The second book from Martin’s epic A Song of Ice and Fire largely reminds of political elections in Bulgaria. Five kings are fighting for the Iron throne and almost all of them have no claim on it whatsoever.Robb Stark is determined to avenge his father’s death and to wipe of the face of the earth every Lannister still standing. Only 15-years-old and with the help of his notorious mother Cathleen Stark, he leaves Winterfell to his younger brothers and marches south to spread justice. After his father unfortunate death and Ned Stark’s murder, the spoiled and annoying Joffrey is free to play king and even the powerful Cersei cannot stop him spilling blood back and forth. However, his comfortability on the Iron Throne is shaking as the truth of his mother and father/uncle incest is coming to surface.

Robert Baratheon’s brothers Stannis and Renly also join the party. Stannis, most probably the most righteous heir to the throne, chooses not the way of the sword, but the way of dark magic. Abandoning the old gods, he chooses the God of Light and his representative the red-haired Melissandre. One must point out that Stannis is the least desired king as his personality cannot be further away from charming and exciting the masses. Renly, on the other hand, is the pretty, attractive, young, and rather impulsive candidate-king. Forming a strategic alliance with Highgarden by marrying one of the lord’s daughters, he secures for himself a strong army to try and storm King’s Landing.
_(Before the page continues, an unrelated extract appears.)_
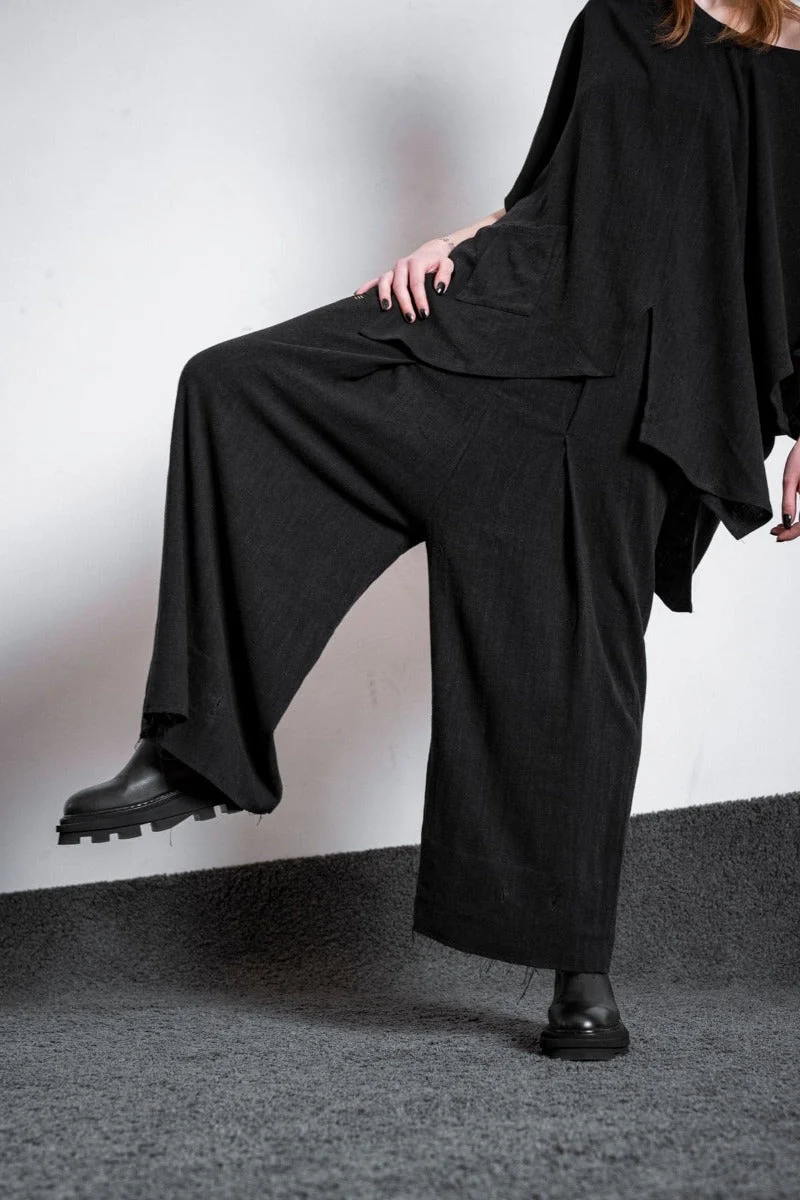 eigensinnig wien | Zephyr | Extravagante Designer Leinenhose mit weitem Bein in Schwarz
I must revise my statement – it is actually four kings and a queen. Daenarys (or simply Danny) is without a doubt the most boring and redundant character in the novels. So far her successes include burning Khal Drogo and accidentally awakening her dragons and settling in Qarth, the most beautiful city in the world (according to its people). Danny indeed lacks experience and good judgment (which she compensates with looks) but she has her loyal dog next to her (Jorah Mormont), who, to be honest, is far more concerned with how to get into her pants than to help her take Westeros back.

One must mention Theon on top of these 5 kings. Upon his return to the Iron Islands after being Ned Stark’s ward (or prisoner in Theon’s eyes) he discovers he is a stranger at home. His younger and manly sister is now his father’s and his people’s favorite for the throne. Theon must prove that he is worthy of the iron blood and takes a rather bold but stupid decision to turn against the people he grew up with. Even though I quite like Theon, he lacks the wits and the patience to be a conqueror and his immature act would cost him more than his father’s disapproval and his sister’s contempt.

A Clash of Kings is indeed bloodier and darker. Martin once again reminds us not to make a character a favorite, because everyone can easily be killed in the next chapter (one of the aspects I simply love about Martin’s style; no one is safe from the power of his pen). There are more battles with great descriptions in the second part and one gets the feeling that while the first one was more about strategy and wits, the outcome in the second one will be determined by spears and swords. The magical unites with the historical to create a battlefield, where strength, wits, gods, and luck interact, where alliances are broken and enemies found in a mere second, and where nothing is certain except the fact that Tyrion is a dwarf.

Some people share the belief that the second book was much more boring and predictable than the first one and that Martin is lowering the quality level of his epic story. I couldn’t disagree more. While A Game of Thrones was much more an introduction to the Land of Westeros, the noble houses, and the conflicts, in A Clash of Kings we are so to say at home already. I have my personal favorites (yes, I wouldn’t surprise anyone if I say Tyrion but I kind of have been fond of Theon as well; don’t ask me why, I still don’t have an idea). The second novel builds upon the first with characters becoming more rounded, while the reader has the chance to see them in situations the first book didn’t offer. Jon Snow falling in love (or in lust) and questioning his oath to the Men of the Watch, Cersei showing some humanity after all, and Tyrion struggling between his loyalty to his family, his affection for the whore Shae, and his inherent inclination towards justice are not to be missed. Martin hasn’t become bored or predictable yet, but he becomes wordier and wordier. His descriptions are thorough, his style insightful, and his imagination beyond admiration. Truly one of the most notable science-fiction authors of our time and one who must be followed closely.